四つ目はtransgender「トランスジェンダー、生まれ持った体の性と、精神的な心の性が一致しない人」。ただし、この意味は「比較的あまり受容されていない」と言われています。私も受容しません。この「第四tonsi」を使う人に、私はmeli tonsiと呼ばれますが、完全に女性の私の心は、他の女性からtonsiとして引き離されることを拒絶します。

どうして私達、違いがありすぎる四種類のセクマイが、同じレッテルにひっくるめられなければならないのでしょうか?
さらに、このせいで、誰かがtonsiと言っていてもどの意味のtonsiを意味するのかがtoki pona tasoでは理解できません!
※toki pona tasoとは、「トキポナだけ」を意味する
他の単語では、少なくとも頭の中に概念が浮かびます。話者の意図と違うこともありますし、話者の意図より広義すぎるかもしれません。しかし、何かが頭に浮かびます。
しかしtonsiではさっぱりです。ノンバイナリーの話? 性別逸脱者の話? インターセックスの話? それともトランスジェンダーの話? 全部についての話なんて、有用性が底が知れてるもん!
無性別方言では直せない。

なのでトキポナ話者はしばしば「無性別方言」(gendern’t nasin) を取り入れて性別を表す単語を使わないようにしますが、それは根本的解決ではなく、問題提起を不可能にする自己検閲です。
※nasinは「道」や「方法」を意味しますが、ここでは「トキポナの方言」を意味します。
トキポナ話者の大多数はトランスジェンダーである私をtonsiと呼び続けるでしょう。もし無性別方言を採用するなら、どうして心が痛いのかも説明できません。私が女性だと主張することも、性別違和の苦しみを打ち明けることもできません。この方言は、根本的な問題を解決せず、当事者の苦しみを受け付けないだけです。
歴史上のすべての社会に、男性と女性という枠組みがあります。無性別方言は、意味もなく人間という経験から大きな部分をそぎ取り、その部分の表現を忌み嫌うだけです。
トランス女性は女性じゃなかったの?

掲示板サイトRedditで、トランス男性やトランス女性の愚痴や問題提起が見えます。トキポナ話者が自分たちを男性・女性と見てくれないと。自分のアイデンティティーから「tonsi」という言葉の暴力で引き離されていると。私も同じ感覚を覚えます。
「男女二元論」と言う言葉を知っていますよね? 個人的には、トランス男性は男性で、トランス女性は女性と信じています。
注意点として、「二元的な」トランスジェンダーの人も、tonsiと自称することが見えるということです。個人的には信じられませんが、二元的なトランスジェンダーの人でも、tonsiをミスジェンダリングと捉えない人もいるようです。
もし、魔法の力でtonsiの意味を「ノンバイナリー・Xジェンダー」だけにできたら、私ならすぐそうするでしょう。しかし、tonsiの広義さを問題と捉えていない二元的なトランスジェンダーの人にも止められるようです。

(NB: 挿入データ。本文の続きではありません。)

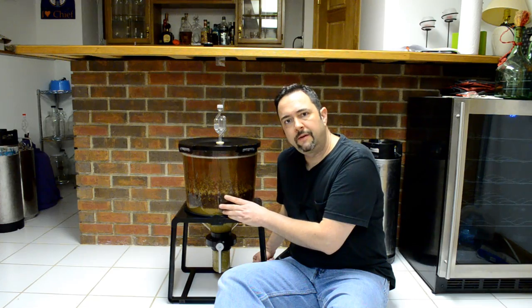Hi everyone, welcome back. It's Larry again. In a previous video, I reviewed this Catalyst Fermentation System. I did a hands-on review where it was my first time using it, and I went through the motions of brewing a batch of beer for a real life experience. I gave my opinion and pointed out some of the pros and cons. This video is a follow up where I'm going to address some of the cons and what I did or attempted to do to overcome and work around some of these problems to make it work better for me.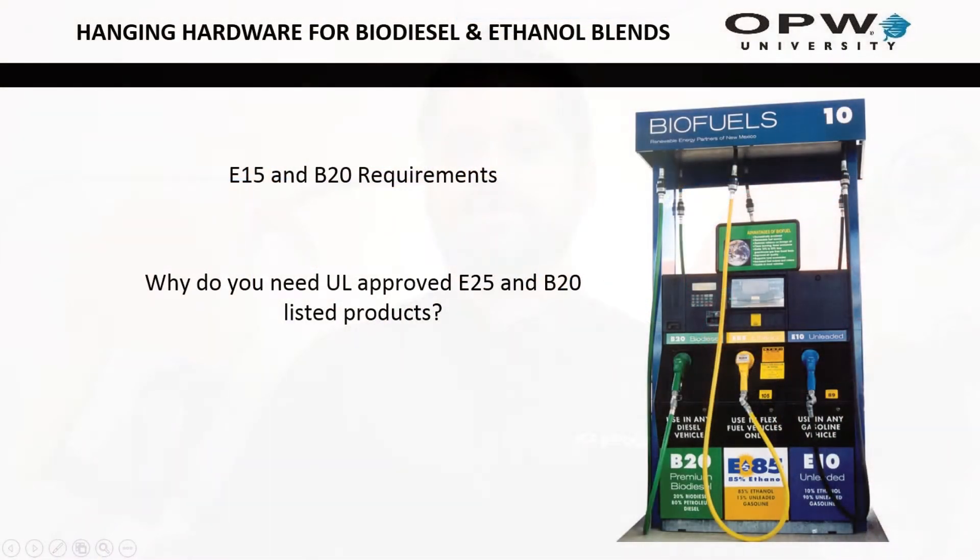My name is Matt Lauer with OPW and today I'm going to be talking to you about E25, E15, and B20 hanging hardware requirements.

それと、著名なトキポナコミュニティーメンバーのLipamanka (u/misterlipman) からとても悪い印象を受けました。「トランスジェンダーの人ならば、すべて男女二元論に当てはまらない」と言うのです。
自分の性別の正当さを踏みにじるような発言に感じます。「トランス女性は女性」はどうしたの? 生まれつきの性器のせいだけで、女性失格なの?
その論争の反対側で、ノンバイナリーの人が「mije/meli tonsi」(tonsiな男/女)や「tonsi mije/meli」(男性/女性的なtonsi)と自称するのも見ます。私には矛盾にしか聞こえません。ノンバイナリー(性別が男と女の二元的ではない)なのにバイナリー(性別が男か女の二元的)なの?
ちょっと想像の話をしましょう。もし「tonsi」を名詞として使えば「ノンバイナリー」、形容詞として使えば「トランスジェンダー」だったら、理解できるでしょう。「tonsi meli」は女性的なノンバイナリー、「meli tonsi」はトランスジェンダーの女性というように。
しかし、実世界ではtonsiの用法はこんなにきっぱり分かれているわけではありません。だから、私はtonsiの使い方がわかりません。で、あなたはわかると自信がありますか?
この問題はどうやって解決すべき?

個人的見解としては、「ノンバイナリーの性別」と言う意味の単語よりも、「性別」と言う意味の単語があれば、比べ物にならないほど有用になります。その単語さえあれば、また「ノンバイナリー」も表現できます。
その単語が何になるべきかはわからないので、仮にlipasaと呼びましょう。
※lipasaはトキポナの流暢度を測るアンケートで造語された「存在しない単語」です。
誰かの性別を聞くのは「lipasa sina li seme?」で済みます。答えるのも同じ様に簡単です。「mi mije.」(私は男性。)「mi meli.」(私は女性。)もしくは、「mi tonsi.」(私はノンバイナリー、願わくばlipasaの文脈でこの意味に限定されます。)
そして、最初は「tonsi」に愛着を持った人々を怒らせるかもしれませんが、それでも言わせてください。「性別」と言う単語があれば、「tonsi」さえ要りません。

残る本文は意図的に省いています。